Task to complete
Only what runs from the line with "Usado Ford C-MAX" to the end of the data should appear in the answer, exactly as written and without pictures.

Dataset extract

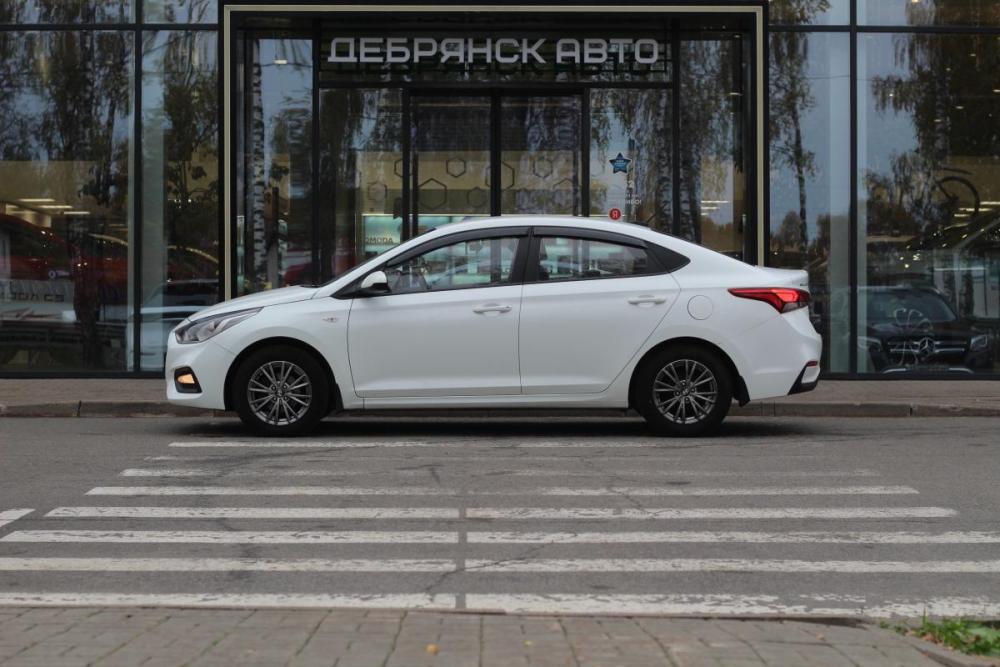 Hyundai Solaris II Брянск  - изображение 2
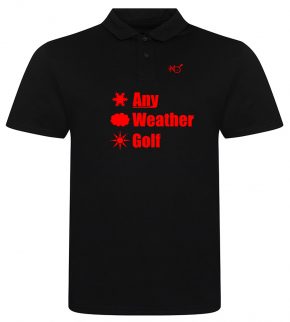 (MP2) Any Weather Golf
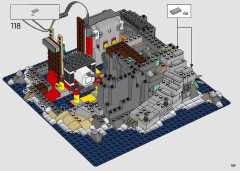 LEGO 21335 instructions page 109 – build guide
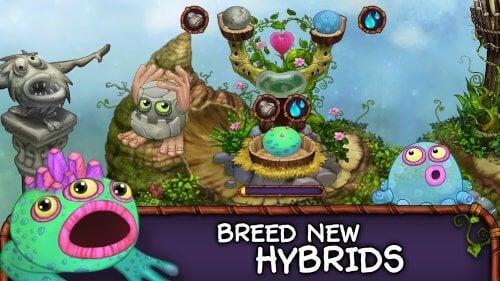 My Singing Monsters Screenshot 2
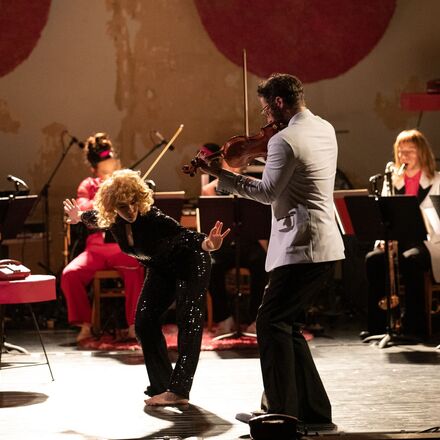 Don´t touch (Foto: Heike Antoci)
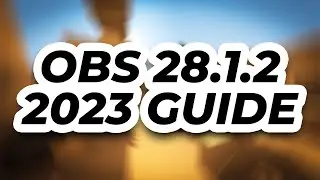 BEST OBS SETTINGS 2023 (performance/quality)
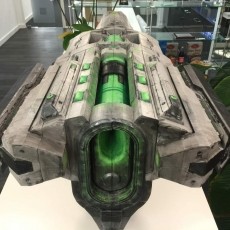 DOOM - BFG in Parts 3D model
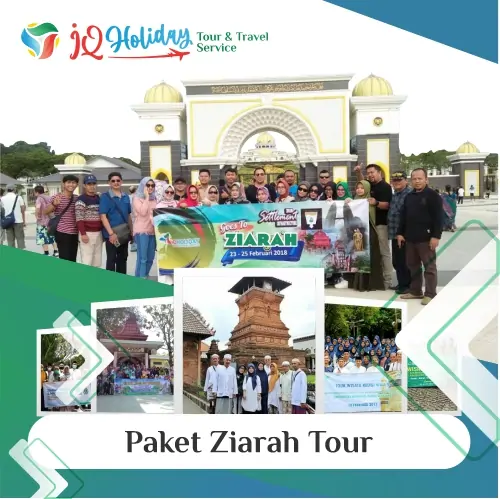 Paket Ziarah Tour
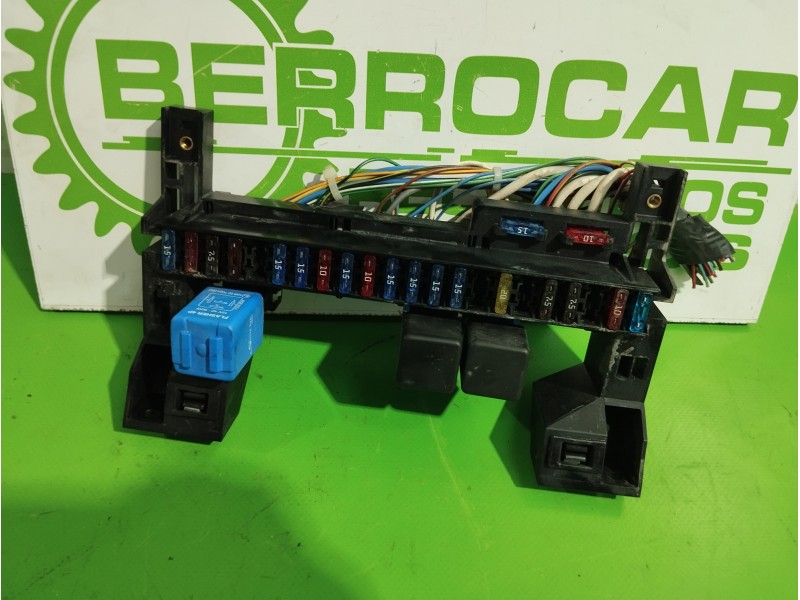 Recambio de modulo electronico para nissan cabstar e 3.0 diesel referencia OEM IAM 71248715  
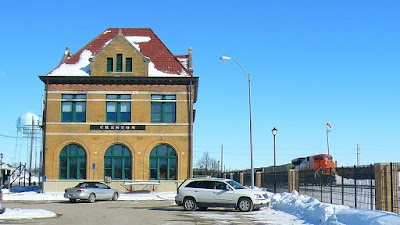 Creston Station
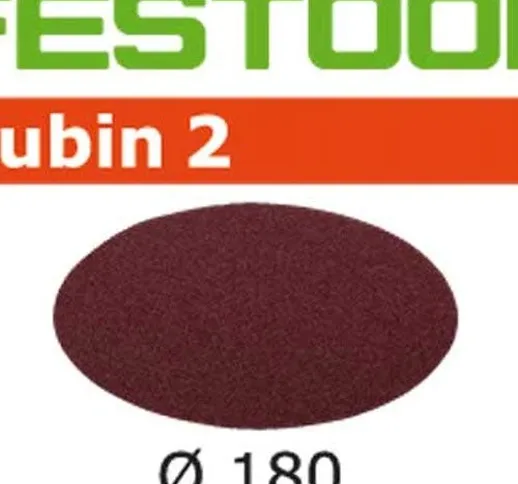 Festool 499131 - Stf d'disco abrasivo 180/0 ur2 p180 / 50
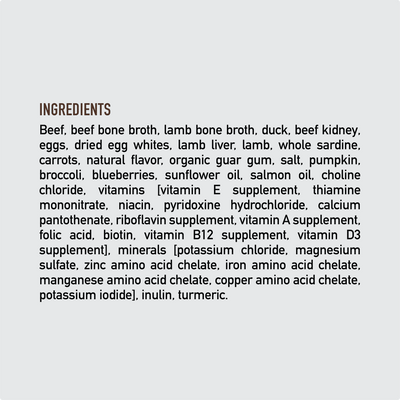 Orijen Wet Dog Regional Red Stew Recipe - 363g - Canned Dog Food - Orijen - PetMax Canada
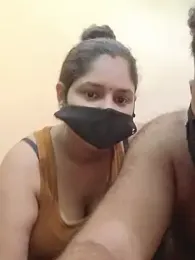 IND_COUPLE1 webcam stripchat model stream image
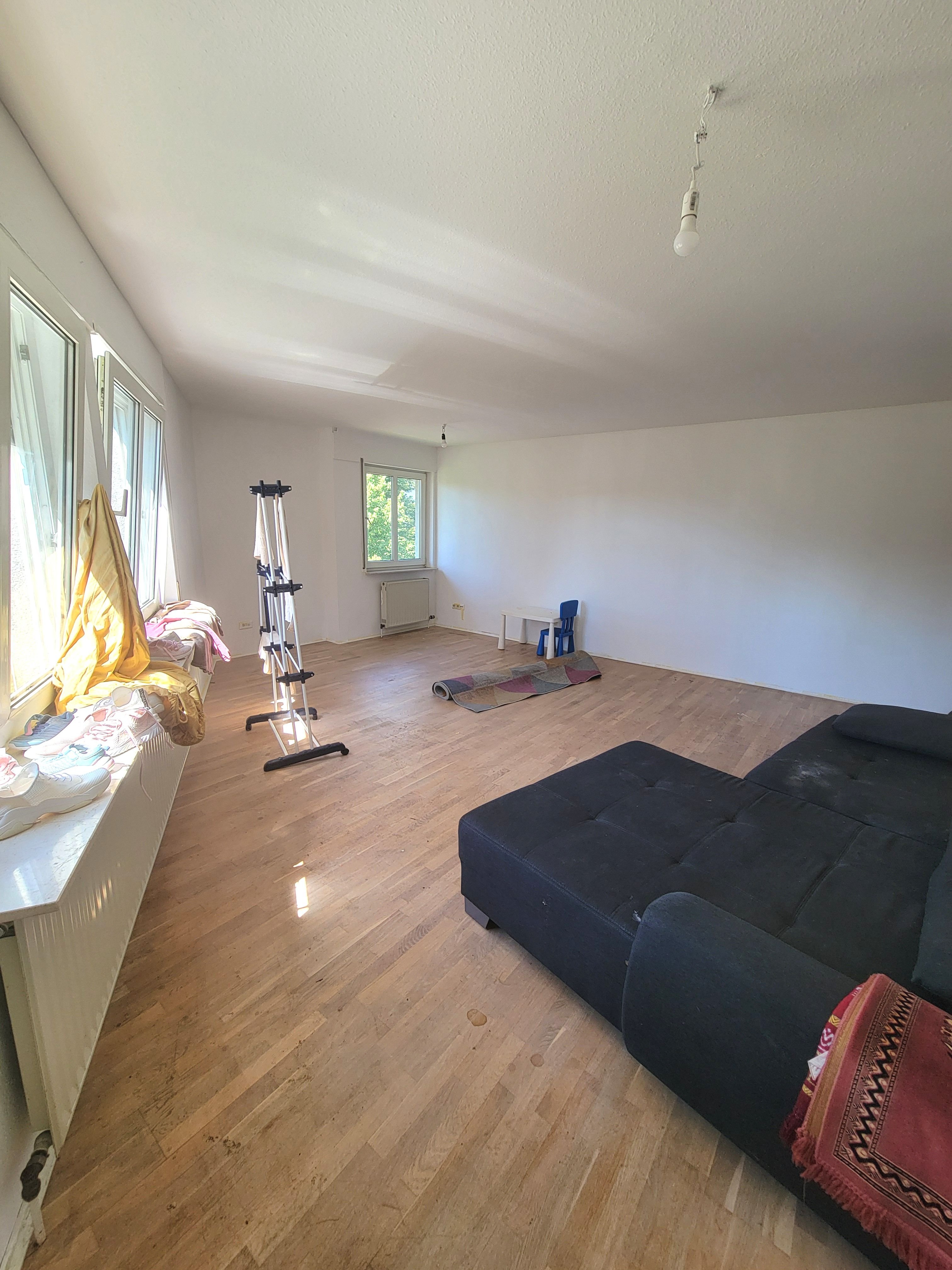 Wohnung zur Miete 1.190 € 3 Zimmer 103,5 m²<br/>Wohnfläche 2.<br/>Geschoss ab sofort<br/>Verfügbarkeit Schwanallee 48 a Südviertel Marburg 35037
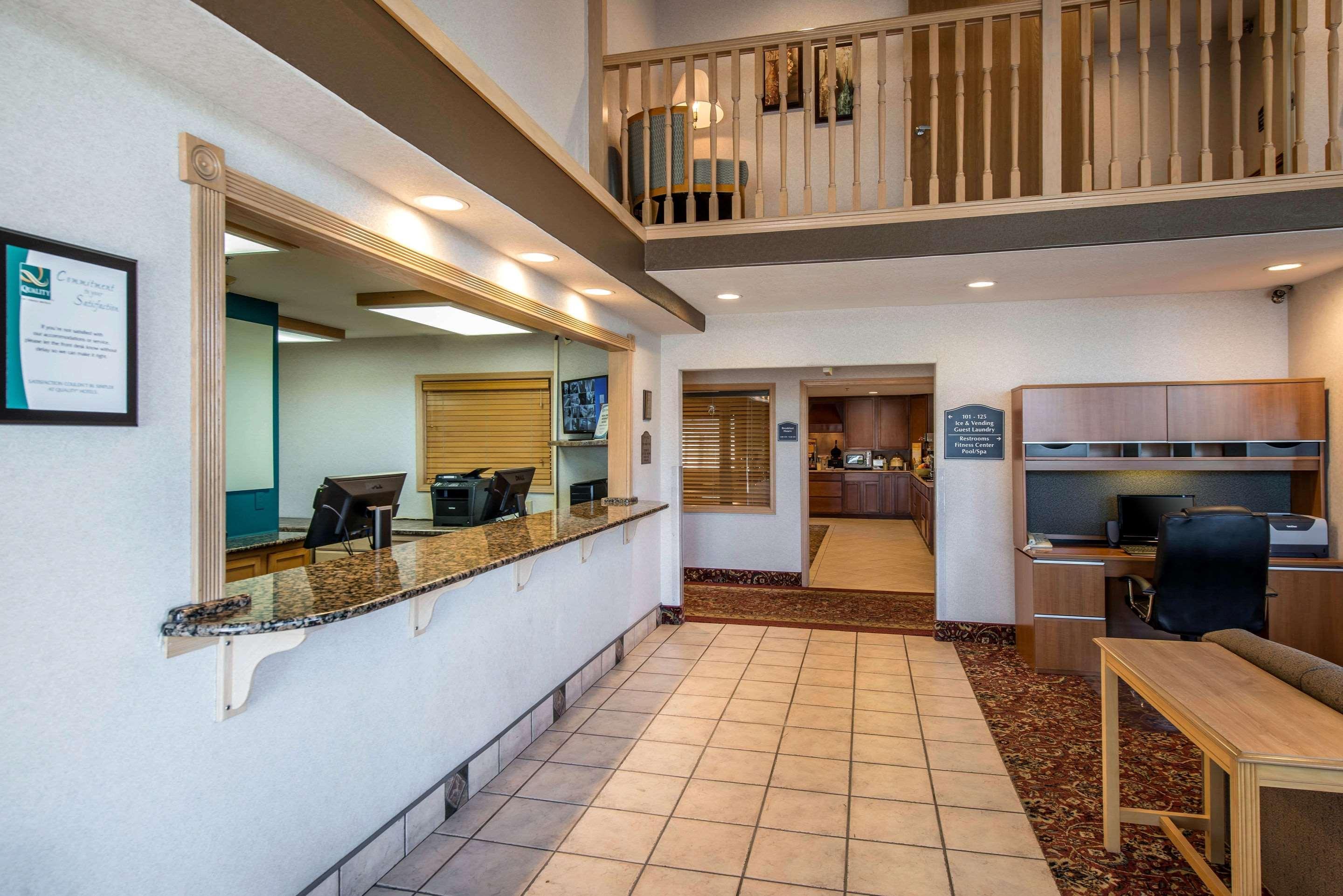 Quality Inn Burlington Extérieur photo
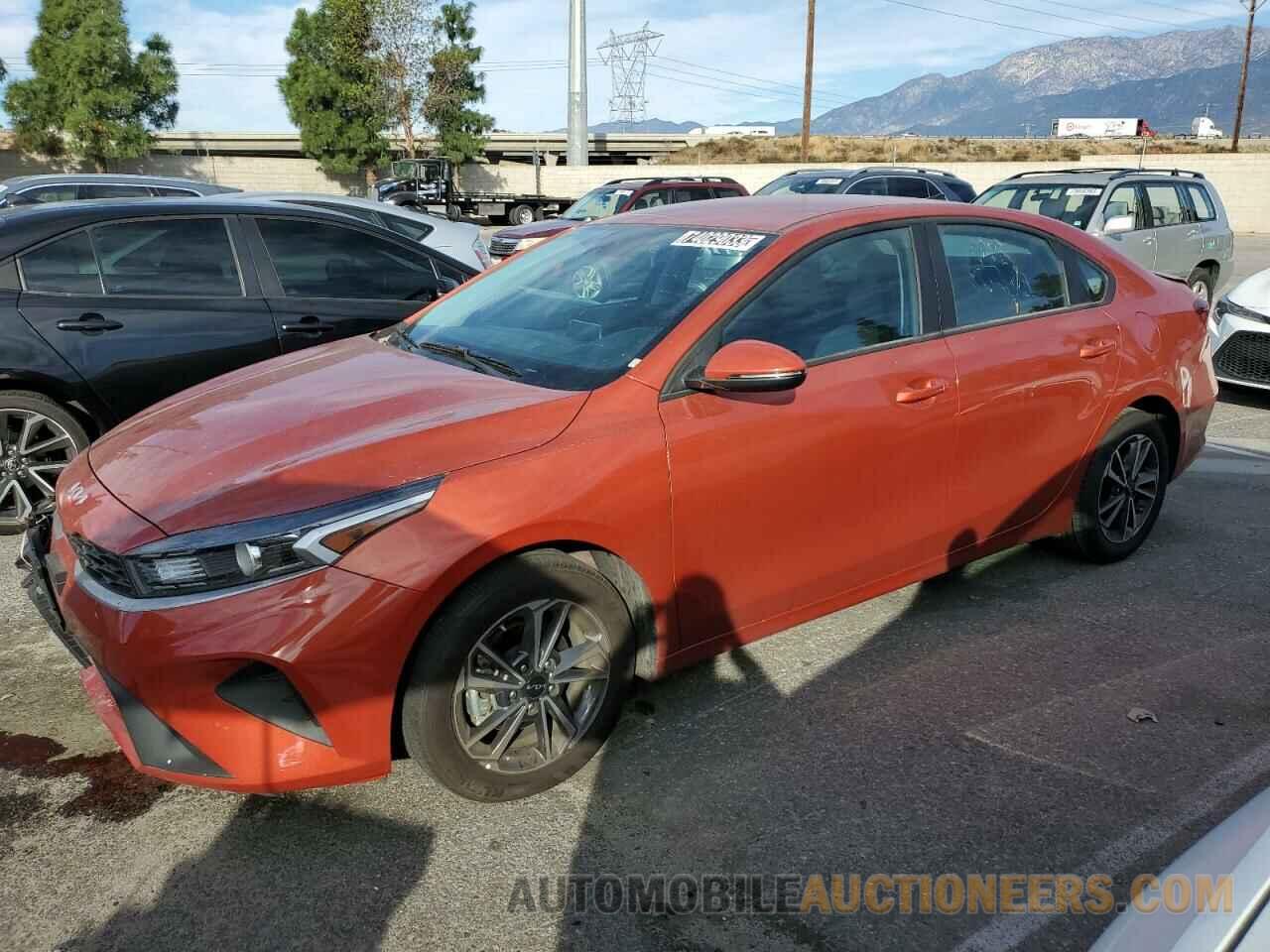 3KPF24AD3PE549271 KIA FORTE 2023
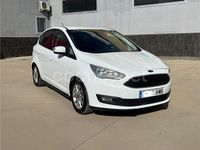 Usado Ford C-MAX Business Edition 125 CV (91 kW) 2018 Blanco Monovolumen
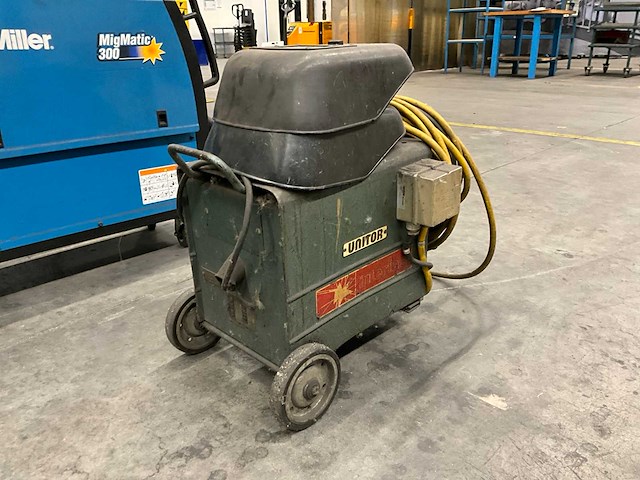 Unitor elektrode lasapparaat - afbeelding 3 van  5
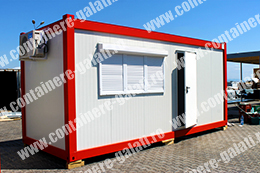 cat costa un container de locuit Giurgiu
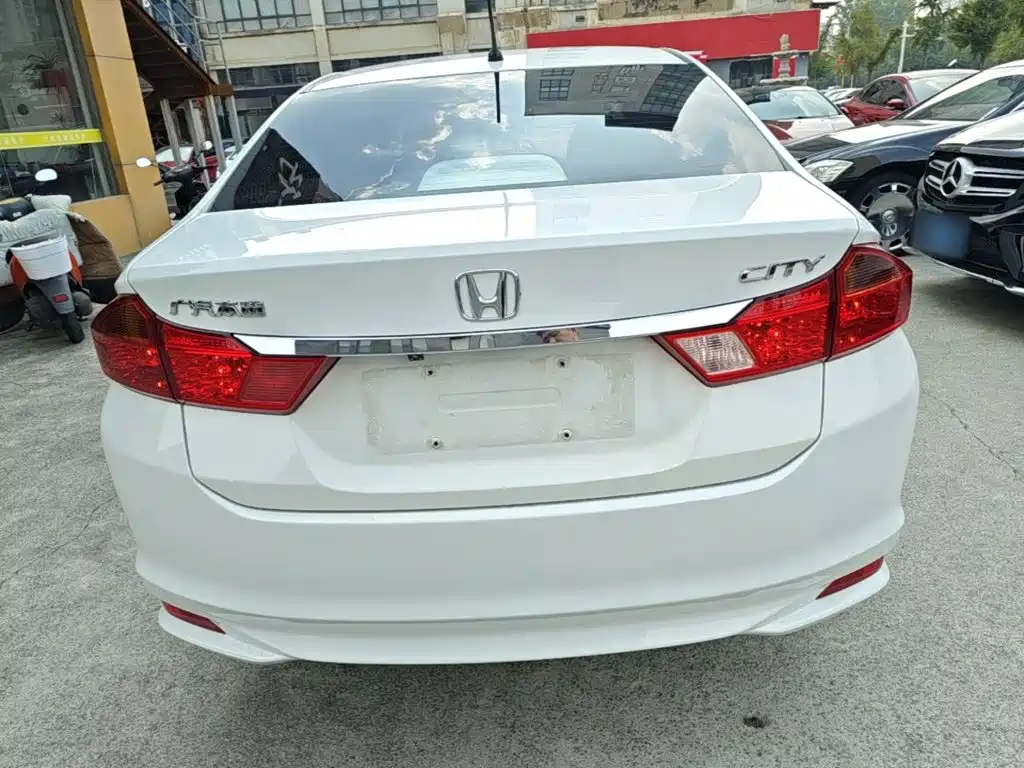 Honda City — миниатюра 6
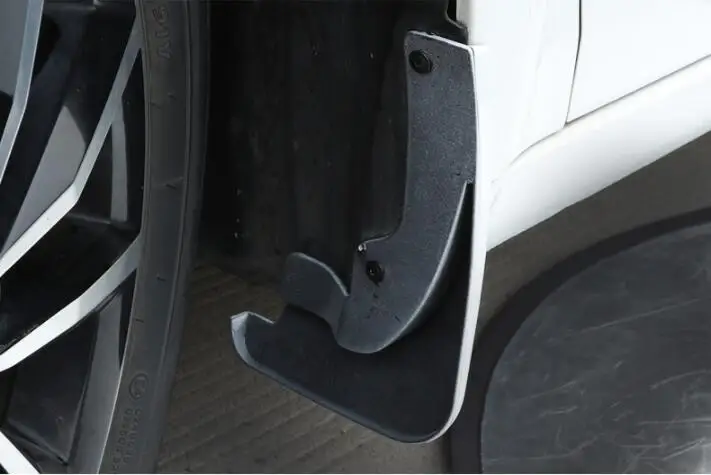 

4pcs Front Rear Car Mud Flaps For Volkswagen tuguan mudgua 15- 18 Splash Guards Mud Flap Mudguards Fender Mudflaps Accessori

Solution to this exercise
 Usado Ford C-MAX Business Edition 125 CV (91 kW) 2018 Blanco Monovolumen
 Unitor elektrode lasapparaat - afbeelding 3 van  5
 cat costa un container de locuit Giurgiu
 Honda City — миниатюра 6

4pcs Front Rear Car Mud Flaps For Volkswagen tuguan mudgua 15- 18 Splash Guards Mud Flap Mudguards Fender Mudflaps Accessori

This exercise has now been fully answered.